A committee of the European Medicines Agency has recommended the approval of Opdivo (nivolumab) for the treatment of people with advanced, inoperable, recurrent, or metastatic esophageal squamous cell carcinoma (ESCC) who previously received a chemo regimen containing fluoropyrimidine and a platinum agent.
The European Commission will review this opinion from the Committee for Medicinal Products for Human Use (CHMP) before making a decision. If approved, Opdivo will become the first immunotherapy available in Europe for a cancer in the upper gastrointestinal tract.
“We look forward to the [European Commission]’s final decision, which could mark the first time an immunotherapy is approved for any upper gastrointestinal cancer in the EU,” Ian M. Waxman, MD, development lead of gastrointestinal cancers at Bristol Myers Squibb, said in a press release.

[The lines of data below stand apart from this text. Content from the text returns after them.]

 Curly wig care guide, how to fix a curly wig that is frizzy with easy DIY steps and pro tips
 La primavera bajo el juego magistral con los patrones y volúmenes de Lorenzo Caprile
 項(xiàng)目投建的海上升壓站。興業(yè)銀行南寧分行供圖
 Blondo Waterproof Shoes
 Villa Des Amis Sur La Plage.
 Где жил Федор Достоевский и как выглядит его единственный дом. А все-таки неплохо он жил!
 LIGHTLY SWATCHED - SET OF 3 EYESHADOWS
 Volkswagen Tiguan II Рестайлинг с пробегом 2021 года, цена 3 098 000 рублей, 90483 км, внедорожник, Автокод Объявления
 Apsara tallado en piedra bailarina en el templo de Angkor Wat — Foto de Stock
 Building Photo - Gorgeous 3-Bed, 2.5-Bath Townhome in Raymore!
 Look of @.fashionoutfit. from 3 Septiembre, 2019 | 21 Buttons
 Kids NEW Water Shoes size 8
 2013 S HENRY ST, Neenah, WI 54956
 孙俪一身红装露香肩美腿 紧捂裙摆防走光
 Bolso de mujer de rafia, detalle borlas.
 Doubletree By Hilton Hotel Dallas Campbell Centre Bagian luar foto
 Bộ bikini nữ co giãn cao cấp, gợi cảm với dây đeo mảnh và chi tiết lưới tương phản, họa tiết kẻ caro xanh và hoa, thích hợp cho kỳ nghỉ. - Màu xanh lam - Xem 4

Opdivo, developed by Bristol Myers Squibb, is an immune checkpoint inhibitor that blocks a mechanism used by cancer cells to avoid being targeted and destroyed by immune cells.
Specifically, it targets a protein called PD-1 on the surface of immune cells and prevents it from interacting with its ligands on cancer cells, thereby enabling immune cells to recognize and eliminate cancer cells more effectively.
Opdivo recently became the first immunotherapy to be approved by the U.S. Food and Drug Administration for patients with advanced ESCC, regardless of PD-L1 levels in their cancer cells.
Both the FDA’s approval and CHMP’s recommendation were based on data from ATTRACTION-3 (NCT02569242), a multicenter Phase 3 clinical trial that is investigating Opdivo’s safety and efficacy in ESCC patients who were resistant or intolerant to first-line combination therapy with fluoropyrimidine and platinum-based therapies.
In the trial, 419 individuals were randomly assigned to Opdivo or standard chemotherapy with docetaxel or paclitaxel, all given by intravenous (into-the-vein) infusions until disease progression or unacceptable toxicity.
ATTRACTION-3 met its primary goal of extending overall survival, with patients on Opdivo living significantly longer (a median of 10.9 months) than those receiving the chemo regimen (8.4 months). Overall, this meant that Opdivo reduced the risk of death by 23%, compared to the chemotherapy.
Additional results continued to demonstrate a survival benefit after 18 months, with more patients in the Opdivo group than on chemo being alive at that time (31% vs. 21%).
Importantly, this survival benefit was observed regardless of PD-L1 status, or the presence of PD-L1 in tumor cells, a measure that normally predicts responses to immune checkpoint inhibitors like Opdivo.
A similar proportion of patients responded to Opdivo and chemo (19.3% vs. 21.5%), but responses to Opdivo lasted substantially longer (6.9 months) compared to chemotherapy (3.9 months).
Although Opdivo did not significantly extend the time patients lived without signs of disease progression, an exploratory analysis showed a significant improvement in patient-reported quality of life in people receiving the medication.
Opdivo also led to fewer treatment-related adverse events than chemo (66% vs. 95%), and to a lower incidence of severe or life-threatening treatment-related adverse events (18% vs. 63%). A similar proportion of patients in the two groups discontinued treatment.
“This positive CHMP opinion underscores the potential of Opdivo in the EU treatment landscape for esophageal squamous cell carcinoma, with the ATTRACTION-3 trial showing clinically meaningful survival coupled with a favorable safety profile,” said Waxman.
“We remain committed to continuing to explore the potential benefits of Opdivo in earlier settings of esophageal cancer,” he added.